~ThreadInVMForHandshake() should call handle_special_runtime_exit_condition()

Fri May 10 07:42:12 UTC 2019

Hi Dan,

thanks for looking at the issue.

  >                 _semaphore.wait_with_safepoint_check(thread)
  >                 : ThreadBlockInVM tbivm
  >                 :   make_walkable()
  >                 :   trans(_thread_in_vm, _thread_blocked)
  >                 : _impl.wait()
  >                 : <VM_thread signals>
  >                 : <VM_ThreadSuspend on target thread>

Presume the safepoint ends before T (target thread) is scheduled back on a CPU again. Makes things
easier. Then T will go straight back to handle_polling_page_exception() and from there to Java.

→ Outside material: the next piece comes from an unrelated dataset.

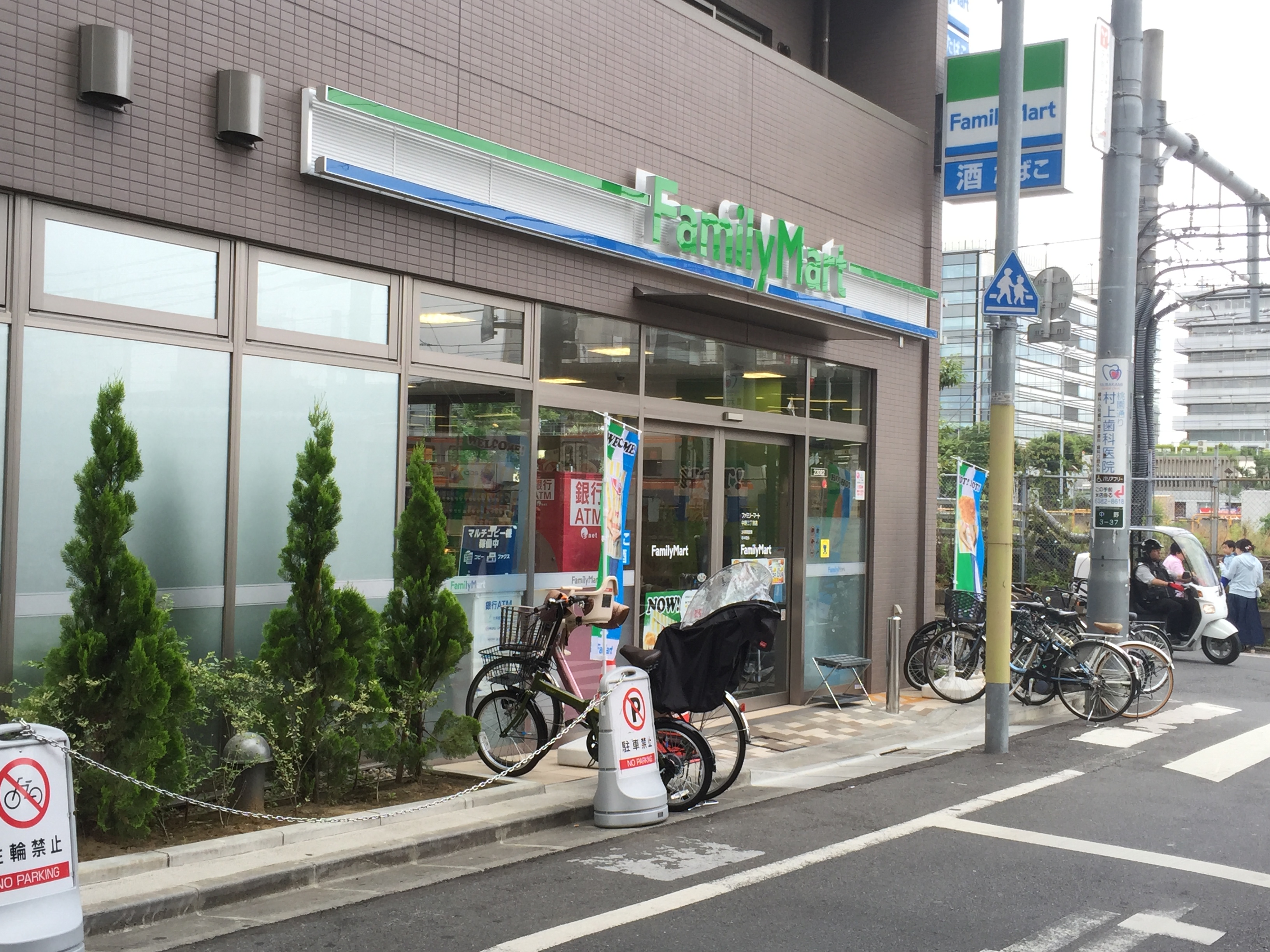 パークシティ中野ザ・タワー・エアーズ コンビニ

Note we reach process_self_inner() as well coming from
JavaThread::check_special_condition_for_native_trans(JavaThread *thread), that is when returning
from native to java.

(copied from Eclipse CDT)

HandshakeState::process_self_inner(JavaThread *) : void
	HandshakeState::process_by_self(JavaThread *) : void
		JavaThread::handshake_process_by_self() : void
			SafepointMechanism::block_or_handshake(JavaThread *) : void
				SafepointMechanism::block_if_requested_slow(JavaThread *) : void
					SafepointMechanism::block_if_requested(JavaThread *) : void
						JavaThread::check_safepoint_and_suspend_for_native_trans(JavaThread *) : void
							JavaThread::check_special_condition_for_native_trans(JavaThread *) : void
								JavaThread::check_special_condition_for_native_trans_and_transition(JavaThread *) : void
								SharedRuntime::generate_native_wrapper(MacroAssembler *, const methodHandle &, int, enum BasicType *, VMRegPair *, enum BasicType) : nmethod *
								TemplateInterpreterGenerator::generate_native_entry(bool) : address

And note that async. exceptions are handled there, too.

  > You don't mention how you tested this fix.

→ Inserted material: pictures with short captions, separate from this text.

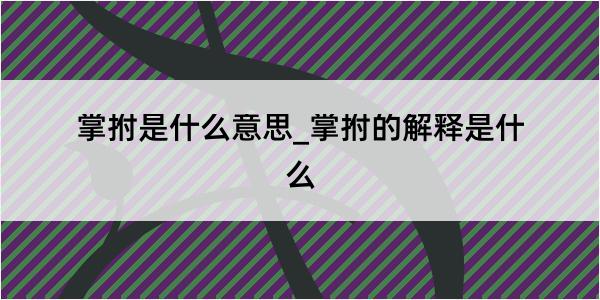 掌拊是什么意思_掌拊的解释是什么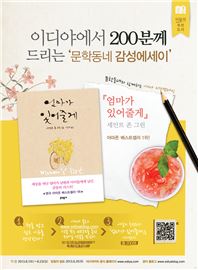 이디야커피, 아마존 베스트셀러 ‘엄마가 있어줄게’ 도서 증정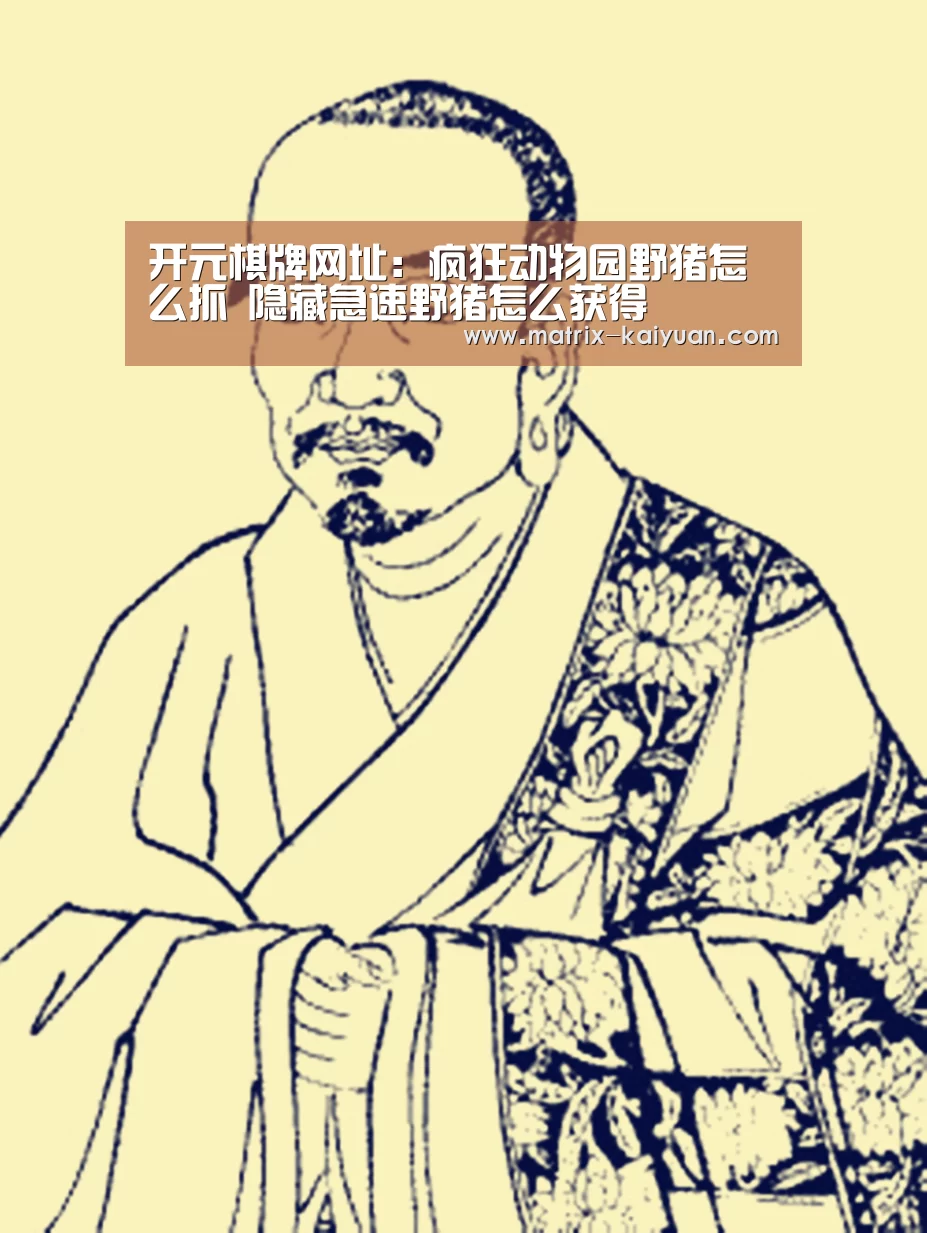 开云体育网站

I've put the patch through our nighly testing at SAP: proprietary tests, tck, jtreg, with and
without -Xcomp on 9 platforms.

  > You also don't say whether you have a test that reproduces this issue.

I do have stress testing that reproduces the issue. Unfortunately it's based on a larger project
still in developement.

A dedicated test case could look like this:

Target threads T1...TN run in a tight java loop
Another thread U executes handshake operations with T1...TN in an endless loop
Another thread V in a loop calls java_suspend() on T1...TN and asserts that stacks are walkable

Thanks, Richard.

-----Original Message-----
From: Daniel D. Daugherty <daniel.daugherty at oracle.com> 
Sent: Freitag, 10. Mai 2019 01:11
To: Reingruber, Richard <richard.reingruber at sap.com>; hotspot-runtime-dev at openjdk.java.net; Robbin Ehn <robbin.ehn at oracle.com>
Subject: Re: ~ThreadInVMForHandshake() should call handle_special_runtime_exit_condition()

Richard,

Very nice catch!

On 5/9/19 6:05 AM, Reingruber, Richard wrote:
> Hi,
>
> could I please get reviews and sponsoring for
>
> Webrev: http://cr.openjdk.java.net/~rrich/webrevs/2019/8223572/webrev.1/

src/hotspot/share/runtime/interfaceSupport.inline.hpp
     Verified that your new conditional block for calling
     handle_special_runtime_exit_condition() and the
     conditions for the parameter match the code at the
     end of SafepointSynchronize::block(JavaThread *thread).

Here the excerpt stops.